# Built-in Data Structures

## List

### bisect

The built-in bisect module implements binary search and insertion into a sorted list. bisect.bisect() finds the location where an element should be inserted to keep it sorted.

In [2]:
c = [1, 2, 2, 2, 3, 4, 7]

import bisect
bisect.bisect(c, 2)

4

In [3]:
bisect.bisect(c, 5)

6

In [4]:
c

[1, 2, 2, 2, 3, 4, 7]

bisect.insort() actually inserts the element into that location

In [5]:
bisect.insort(c, 6)
c

[1, 2, 2, 2, 3, 4, 6, 7]

### enumerate

In [12]:
some_list = ['foo', 'bar', 'baz']

In [13]:
mapping = {}

In [14]:
for i, v in enumerate(some_list):
    mapping[v] = i

In [15]:
mapping

{'foo': 0, 'bar': 1, 'baz': 2}

In [17]:
sorted([7, 1, 9, 6, 0, 3, 2])

[0, 1, 2, 3, 6, 7, 9]

### zip

In [31]:
seq1 = ['foo', 'bar', 'baz']
seq2 = ['one', 'two', 'three']
zipped = zip(seq1, seq2)
list(zipped)

[('foo', 'one'), ('bar', 'two'), ('baz', 'three')]

In [32]:
seq3 = [False, True]
list(zip(seq1, seq2, seq3))

[('foo', 'one', False), ('bar', 'two', True)]

### enumerate + zip

In [25]:
for i, (a, b) in enumerate(zip(seq1, seq2)):
    print('{0}: {1}, {2}'.format(i, a, b))

0: foo, one
1: bar, two
2: baz, three


### unzip the zipped

In [33]:
pitchers = [('Nolan', 'Ryan'), ('Roger', 'Clemens'), ('Schilling', 'Curt')]
first_names, last_names = zip(*pitchers)
print(first_names)
print(last_names)

('Nolan', 'Roger', 'Schilling')
('Ryan', 'Clemens', 'Curt')


In [30]:
list(reversed(range(10)))

[9, 8, 7, 6, 5, 4, 3, 2, 1, 0]

## Dict

### assigning

In [4]:
d1 = {'a':'some value', 'b':[1, 2, 3, 4]}
d1

{'a': 'some value', 'b': [1, 2, 3, 4]}

In [5]:
d1['b']

[1, 2, 3, 4]

In [6]:
d1[5] = 'some value'
d1

{'a': 'some value', 'b': [1, 2, 3, 4], 5: 'some value'}

### Creating dicts from sequences

In [21]:
''' equivalent to the following loop:
mapping = {}
for key, value in zip(key_list, value_list):
    mapping[key] = value
'''

mapping = dict(zip(range(1,6), ['a', 'b', 'c', 'd', 'e']))
mapping

{1: 'a', 2: 'b', 3: 'c', 4: 'd', 5: 'e'}

### modify

In [7]:
del d1[5]
d1

{'a': 'some value', 'b': [1, 2, 3, 4]}

In [8]:
d1.update({'b': 'foo', 'c':12})

In [11]:
list(d1.keys())

['a', 'b', 'c']

In [12]:
list(d1.values())

['some value', 'foo', 12]

In [14]:
# You can merge one dict into another using the update method
d1.update({'b': 'foo', 'c': 20})
d1

{'a': 'some value', 'b': 'foo', 'c': 20}

### .setdefault()

In [22]:
words = ['apple', 'bat', 'bar', 'atom', 'book']

by_letter = {}
for word in words:
    letter = word[0]
    by_letter.setdefault(letter, []).append(word)
    print(by_letter)

{'a': ['apple']}
{'a': ['apple'], 'b': ['bat']}
{'a': ['apple'], 'b': ['bat', 'bar']}
{'a': ['apple', 'atom'], 'b': ['bat', 'bar']}
{'a': ['apple', 'atom'], 'b': ['bat', 'bar', 'book']}


## set

A set is an **unordered** collection of **unique** elements.

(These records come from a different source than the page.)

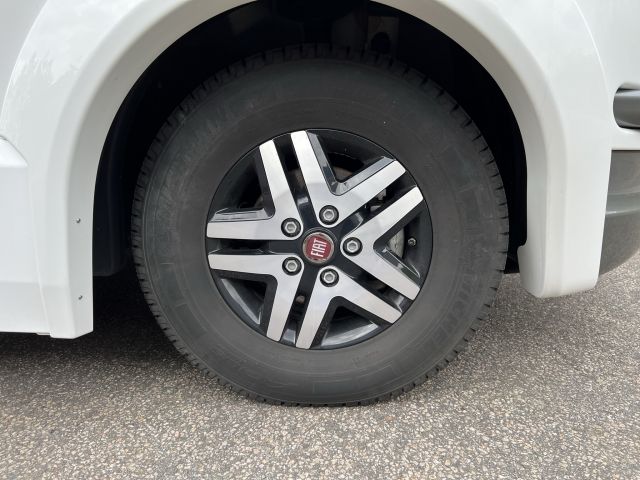 895251-23 Fiat Roller Team Kronos 284 Integral 148 hp -2018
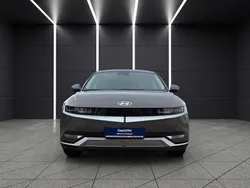 Mystic olive / mic (metallic) Gebraucht 2022 Hyundai Ioniq 5 SUV | 24.690 € (Guter Preis)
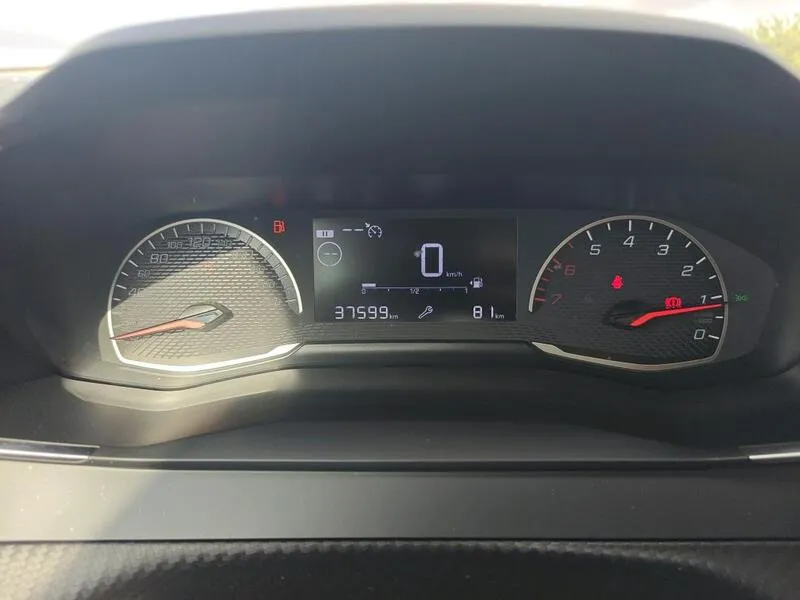 Peugeot 2008 Active BlueHDi - foto 3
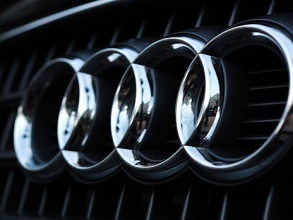  Audi Q6   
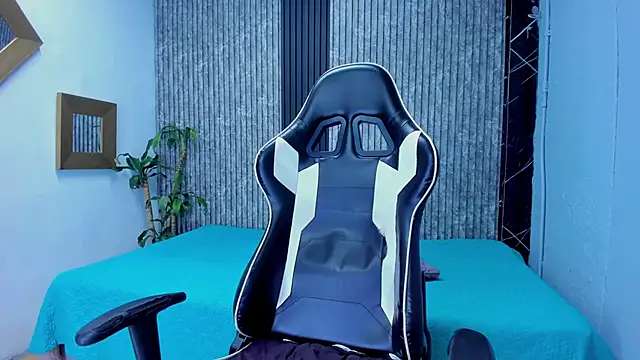 Mike 0233  online show from 10.31.25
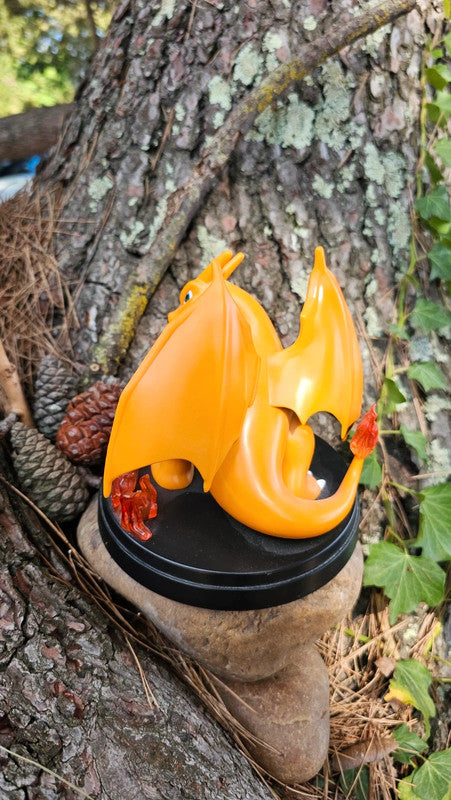 Super magnifique figurine Pokemon Nintendo Dracaufeu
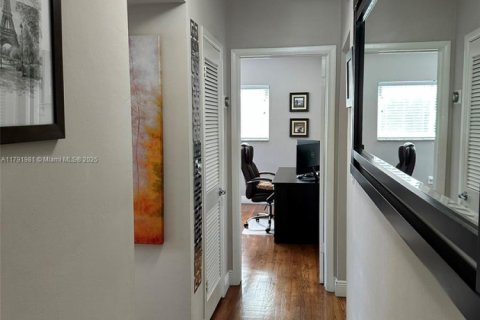 House in Coral Gables, Florida 3 bedrooms, 126.9 sq.m. № 1739043 - photo 17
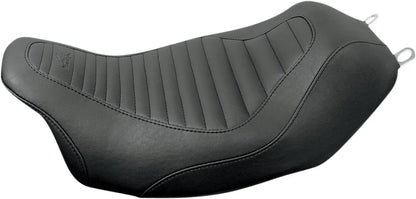 Mustang Tripper™ Solo Seat Sadlar Harley Touring bild 2 PMMEDIA:b2f912862356a4dc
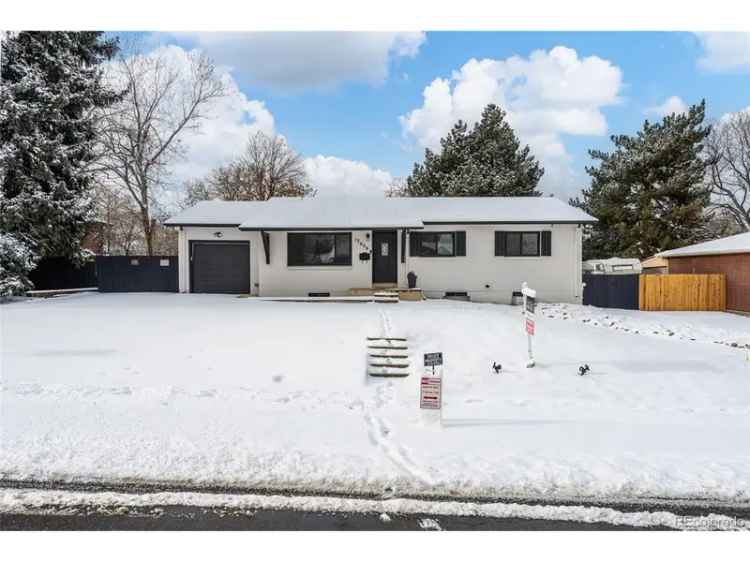 Single-family house For Sale in 12029, West Dakota Drive, Lakewood, Colorado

You can think of them like dicts, but keys only, no values.

Elements of a set should be immutable.

In [23]:
a = {1, 2, 3, 4, 5}
b = set([3, 4, 5, 6, 7, 8])

### operations

In [24]:
a.union(b)
a | b

{1, 2, 3, 4, 5, 6, 7, 8}

In [25]:
a.intersection(b)
a & b

{3, 4, 5}

## List, Set, and Dict Comprehensions


In [27]:
# List Comprehension

strings = ['a', 'as', 'bat', 'car', 'dove', 'python']
[x.upper() for x in strings if len(x) > 2]

['BAT', 'CAR', 'DOVE', 'PYTHON']

In [28]:
# Set comprehension
unique_lengths = {len(x) for x in strings}


In [29]:
# Dict comprehension
loc_mapping = {val: index for index, val in enumerate(strings)}
loc_mapping

{'a': 0, 'as': 1, 'bat': 2, 'car': 3, 'dove': 4, 'python': 5}

The for parts of the list comprehension are arranged according to the order of nesting, and any filter condition is put at the end as before. 

In [8]:
some_tuples = [(1, 2, 3), (4, 5, 6), (7, 8, 9)]
flattened = [x for tup in some_tuples for x in tup]
flattened

[1, 2, 3, 4, 5, 6, 7, 8, 9]

# Fuctions

In [1]:
states = ['  Alabama ', 'Georgia!', 'Georgia', 'georgia', 'FlOrIda', 
          'south carolina##', 'West virginia?']

import re

def clean_strings1(strings):
    result = []
    for value in strings:
        value = value.strip()
        value = re.sub('[!#?]', '', value)
        value = value.title()
        result.append(value)
    return result

clean_strings1(states)

['Alabama',
 'Georgia',
 'Georgia',
 'Georgia',
 'Florida',
 'South Carolina',
 'West Virginia']

## make a **list of the operations** you want to apply to a particular set of strings:

In [4]:
states = ['  Alabama ', 'Georgia!', 'Georgia', 'georgia', 'FlOrIda', 
          'south carolina##', 'West virginia?']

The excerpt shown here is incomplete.